# Walnut Ne Bowl



## TimR (Dec 16, 2013)

This is a form based on something similar done by Chris Ramsey, a guy many will associate with making cowboy hats for famous figures and companies. He also makes some killer bowls out of exotic burls that I'd not have the courage yet to try this on, but I did have this piece of walnut that was just recently given to me, green and with solid bark adhesion. It was originally going to be a typical NE bowl, but as I was turning it, the bark was just staying on too well not to try this. I'll have to try this again, it was kind of fun, in a sadistic sort of way.
15" diam x 7" tall. Finished with antique oil. All comments welcome and appreciated.

Reactions: Like 19


----------



## Mike1950 (Dec 16, 2013)

COOL bowl.......


----------



## SENC (Dec 16, 2013)

Love it... wish I understood how you did it!


----------



## TimR (Dec 16, 2013)

Thanks Mike. Too bad it's way to fragile to really use, even lightly.

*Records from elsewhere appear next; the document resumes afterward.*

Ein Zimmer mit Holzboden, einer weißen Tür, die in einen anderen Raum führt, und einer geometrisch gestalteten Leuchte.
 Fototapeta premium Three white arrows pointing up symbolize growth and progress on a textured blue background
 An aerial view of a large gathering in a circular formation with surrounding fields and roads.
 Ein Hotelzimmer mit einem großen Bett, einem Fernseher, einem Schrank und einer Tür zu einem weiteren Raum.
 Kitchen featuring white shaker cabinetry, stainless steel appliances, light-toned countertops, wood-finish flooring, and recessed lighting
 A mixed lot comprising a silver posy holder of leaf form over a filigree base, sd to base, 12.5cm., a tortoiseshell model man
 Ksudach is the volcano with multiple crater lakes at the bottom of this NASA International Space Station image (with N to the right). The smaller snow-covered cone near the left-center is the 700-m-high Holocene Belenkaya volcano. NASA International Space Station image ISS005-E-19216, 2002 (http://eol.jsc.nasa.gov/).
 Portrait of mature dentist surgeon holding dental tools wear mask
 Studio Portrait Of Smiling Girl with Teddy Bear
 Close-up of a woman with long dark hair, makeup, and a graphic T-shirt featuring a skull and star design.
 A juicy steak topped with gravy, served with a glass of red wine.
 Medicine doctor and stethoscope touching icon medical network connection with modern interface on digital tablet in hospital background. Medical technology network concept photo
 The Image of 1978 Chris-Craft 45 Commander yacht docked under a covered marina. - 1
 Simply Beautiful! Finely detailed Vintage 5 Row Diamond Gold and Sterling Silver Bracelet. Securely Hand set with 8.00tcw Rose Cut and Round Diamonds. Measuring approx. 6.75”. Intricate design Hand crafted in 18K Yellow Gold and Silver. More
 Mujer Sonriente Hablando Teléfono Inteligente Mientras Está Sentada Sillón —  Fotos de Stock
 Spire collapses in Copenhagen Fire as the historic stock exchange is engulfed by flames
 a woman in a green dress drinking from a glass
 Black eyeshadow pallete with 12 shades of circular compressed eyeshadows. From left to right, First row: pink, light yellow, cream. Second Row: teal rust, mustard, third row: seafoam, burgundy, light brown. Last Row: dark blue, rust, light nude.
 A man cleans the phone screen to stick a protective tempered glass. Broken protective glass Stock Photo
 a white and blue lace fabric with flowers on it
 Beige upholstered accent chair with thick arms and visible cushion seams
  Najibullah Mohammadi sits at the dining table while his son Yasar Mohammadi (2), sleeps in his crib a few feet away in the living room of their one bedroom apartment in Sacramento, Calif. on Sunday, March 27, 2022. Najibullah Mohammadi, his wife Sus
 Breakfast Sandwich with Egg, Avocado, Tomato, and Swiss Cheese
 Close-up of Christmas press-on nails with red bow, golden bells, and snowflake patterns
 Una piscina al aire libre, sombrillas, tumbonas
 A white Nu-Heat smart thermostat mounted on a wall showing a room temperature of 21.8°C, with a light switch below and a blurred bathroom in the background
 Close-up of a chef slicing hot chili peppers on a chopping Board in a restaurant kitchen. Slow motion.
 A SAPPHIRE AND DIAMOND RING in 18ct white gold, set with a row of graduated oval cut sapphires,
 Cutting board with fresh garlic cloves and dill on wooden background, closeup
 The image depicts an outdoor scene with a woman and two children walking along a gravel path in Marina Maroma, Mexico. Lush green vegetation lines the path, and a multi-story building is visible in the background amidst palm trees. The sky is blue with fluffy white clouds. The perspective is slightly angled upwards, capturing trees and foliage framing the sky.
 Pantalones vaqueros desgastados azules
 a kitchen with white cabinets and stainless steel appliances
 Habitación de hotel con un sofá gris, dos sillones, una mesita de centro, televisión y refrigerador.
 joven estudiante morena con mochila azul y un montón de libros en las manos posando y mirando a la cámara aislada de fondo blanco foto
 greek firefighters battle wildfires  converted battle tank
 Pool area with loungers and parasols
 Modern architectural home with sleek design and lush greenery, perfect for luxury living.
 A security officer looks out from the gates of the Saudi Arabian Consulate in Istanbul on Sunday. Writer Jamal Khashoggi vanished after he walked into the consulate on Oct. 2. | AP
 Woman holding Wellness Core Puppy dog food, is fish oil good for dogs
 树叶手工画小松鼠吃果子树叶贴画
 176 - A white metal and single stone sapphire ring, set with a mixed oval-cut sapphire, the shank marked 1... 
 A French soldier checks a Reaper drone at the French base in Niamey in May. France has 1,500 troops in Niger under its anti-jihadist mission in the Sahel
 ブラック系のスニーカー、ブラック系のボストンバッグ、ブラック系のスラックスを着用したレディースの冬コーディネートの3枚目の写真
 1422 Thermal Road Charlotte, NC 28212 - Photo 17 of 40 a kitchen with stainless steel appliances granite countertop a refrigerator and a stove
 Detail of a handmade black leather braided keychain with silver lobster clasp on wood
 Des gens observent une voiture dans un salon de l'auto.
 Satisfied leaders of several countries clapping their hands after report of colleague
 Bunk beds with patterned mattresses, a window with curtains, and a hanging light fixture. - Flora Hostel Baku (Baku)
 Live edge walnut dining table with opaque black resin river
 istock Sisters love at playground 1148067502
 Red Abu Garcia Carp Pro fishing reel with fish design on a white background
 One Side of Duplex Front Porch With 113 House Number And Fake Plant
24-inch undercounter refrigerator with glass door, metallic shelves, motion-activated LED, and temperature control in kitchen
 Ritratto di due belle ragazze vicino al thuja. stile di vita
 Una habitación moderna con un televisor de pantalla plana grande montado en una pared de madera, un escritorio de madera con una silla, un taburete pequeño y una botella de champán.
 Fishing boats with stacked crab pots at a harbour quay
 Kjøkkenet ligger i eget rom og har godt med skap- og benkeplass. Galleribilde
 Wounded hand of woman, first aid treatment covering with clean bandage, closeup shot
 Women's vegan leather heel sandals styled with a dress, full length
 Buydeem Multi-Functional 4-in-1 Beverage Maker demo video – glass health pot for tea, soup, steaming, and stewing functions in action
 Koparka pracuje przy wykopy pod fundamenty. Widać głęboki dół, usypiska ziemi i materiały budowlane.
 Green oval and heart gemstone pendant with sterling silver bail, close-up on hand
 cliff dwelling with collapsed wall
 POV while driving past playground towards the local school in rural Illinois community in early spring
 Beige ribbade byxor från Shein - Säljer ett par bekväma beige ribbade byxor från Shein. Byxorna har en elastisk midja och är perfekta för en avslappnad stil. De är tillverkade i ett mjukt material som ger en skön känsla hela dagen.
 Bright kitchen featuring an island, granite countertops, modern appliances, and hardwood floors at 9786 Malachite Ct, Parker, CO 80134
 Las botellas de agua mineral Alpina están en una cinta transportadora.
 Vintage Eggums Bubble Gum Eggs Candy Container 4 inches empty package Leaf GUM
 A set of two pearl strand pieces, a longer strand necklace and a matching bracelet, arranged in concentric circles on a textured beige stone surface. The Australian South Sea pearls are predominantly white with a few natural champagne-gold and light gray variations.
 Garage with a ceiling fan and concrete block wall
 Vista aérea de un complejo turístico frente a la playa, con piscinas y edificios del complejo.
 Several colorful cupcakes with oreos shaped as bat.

Henry, the process of clearing out the insides was more like hollowing than bowl turning, if that helps.


----------



## Cody Killgore (Dec 16, 2013)

Wow...Another beautiful piece. Your work is awesome!


----------



## Sprung (Dec 16, 2013)

Woah! That is an awesome piece of work!


----------



## Kevin (Dec 16, 2013)

That's one of the coolest bowls I've ever seen. Ribbon-worthy IMHO.

Reactions: Like 1


----------



## Mike1950 (Dec 16, 2013)

TimR said:


> Thanks Mike. Too bad it's way to fragile to really use, even lightly.
> 
> Henry, the process of clearing out the insides was more like hollowing than bowl turning, if that helps.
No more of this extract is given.